用於編譯模型的 Python 介面:PyCompile

執行 PyCompile 介面

可以直接從命令列編譯 ONNX 模型。然後可以使用 Python 執行產生的函式庫,如先前章節所示。有時,直接在 Python 中編譯模型可能也很方便。本節將探討執行此操作的 Python 方法。

OMCompileSession 物件在建構時會採用檔案名稱。對於編譯,compile() 將接收 flags 字串作為輸入,這將覆寫從 env var 設定的任何預設選項。

import numpy as np
from PyCompile import OMCompileSession

# Load onnx model and create OMCompileSession object.
file = './mnist.onnx'
compiler = OMCompileSession(file)
# Generate the library file. Success when rc == 0 while set the opt as "-O3"
rc = compiler.compile("-O3")
# Get the output file name
model = compiler.get_compiled_file_name()
if rc:
    print("Failed to compile with error code", rc)
    exit(1)
print("Compiled onnx file", file, "to", model, "with rc", rc)

PyCompile 模組匯出 OMCompileSession 類別,以驅動將 ONNX 模型編譯為可執行模型。通常,會藉由給定 ONNX 模型的檔案名稱,針對給定的模型建立編譯器物件。然後,可以將所有編譯器選項設定為整個 std::string 來產生所需的可執行檔。最後,藉由呼叫 compile() 命令 (使用者將選項字串作為此函式的輸入) 來執行編譯本身。

compile() 命令會傳回反映編譯狀態的回傳碼。零值表示成功,非零值表示錯誤碼。由於不同的作業系統可能會具有不同的函式庫後綴,因此可以使用 get_compiled_file_name() 方法擷取輸出檔案名稱。

PyCompile 模型 API

可以在先前提及的來源中看到 OnnxMlirCompiler 的完整介面。不過,使用建構函式和下列方法就足以編譯模型。

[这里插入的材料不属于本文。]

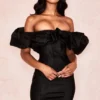 Selena Black Satin Puff Shoulder Dress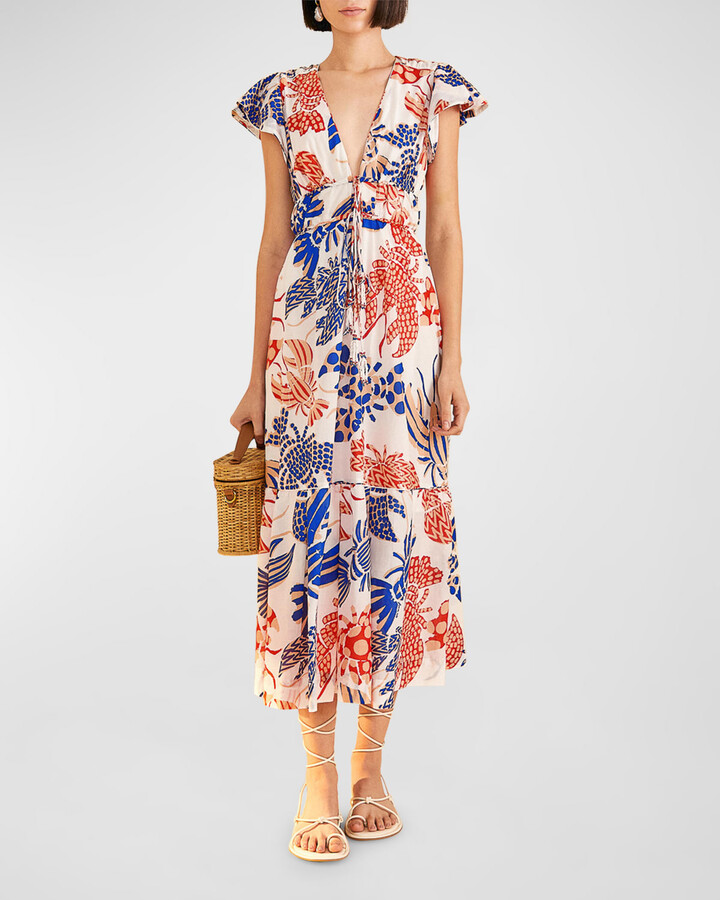 Farm Rio Mixed Lobsters Printed Cotton Midi Dress ShopStyle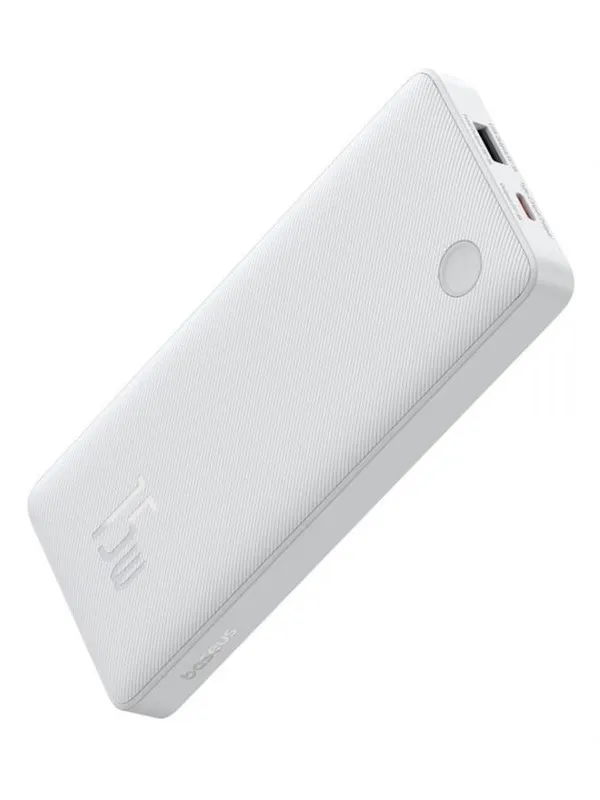 Baseus Airpow Lite 10000mAh 15W Power Bank with Simple USB-A - USB-C 30cm Cable - White Nødlader - 10000 mAh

def __init__(self, file_name: str):
    """
    Constructor for an ONNX model contained in a file.
    Args:
        file_name: relative or absolute path to your ONNX model.
    """
def __init__(self, input_buffer: void *, buffer_size: int):
    """
    Constructor for an ONNX model contained in an input buffer.
    Args:
        input_buffer: buffer containing the protobuf representation of the model.
        buffer_size: byte size of the input buffer.
    """
def compile(self, flags: str):
    """
    Method to compile a model from a file.
    Args:
        flags: all the options users would like to set.
    Returns:
        Zero on success, error code on failure.
    """
def compile_from_array(self, output_base_name: str, target: OnnxMlirTarget):
    """
    Method to compile a model from an array.
    Args:
        output_base_name: base name (relative or absolute, without suffix)
        where the compiled model should be written into.
        target: target for the compiler's output. Typical values are
        OnnxMlirTarget.emit_lib or emit_jni.
    Returns:
        Zero on success, error code on failure.
    """
def get_compiled_file_name(self):
    """
    Method to provide the full (absolute or relative) output compiled file name, including
    its suffix.
    Returns:
        String containing the fle name after successful compilation; empty string on failure.
    """
def get_error_message(self):
    """
    Method to provide the compilation error message.
    Returns:
        String containing the error message; empty string on success.
    """

用於編譯和執行模型的 Python 介面:PyCompileAndRuntime

執行 PyCompileAndRuntime 介面

import numpy as np
from PyCompileAndRuntime import OMCompileExecutionSession

# Load onnx model and create OMCompileExecutionSession object.
inputFileName = './mnist.onnx'
# Set the full name of compiled model
sharedLibPath = './mnist.so'
# Set the compile option as "-O3"
session = OMCompileExecutionSession(inputFileName,sharedLibPath,"-O3")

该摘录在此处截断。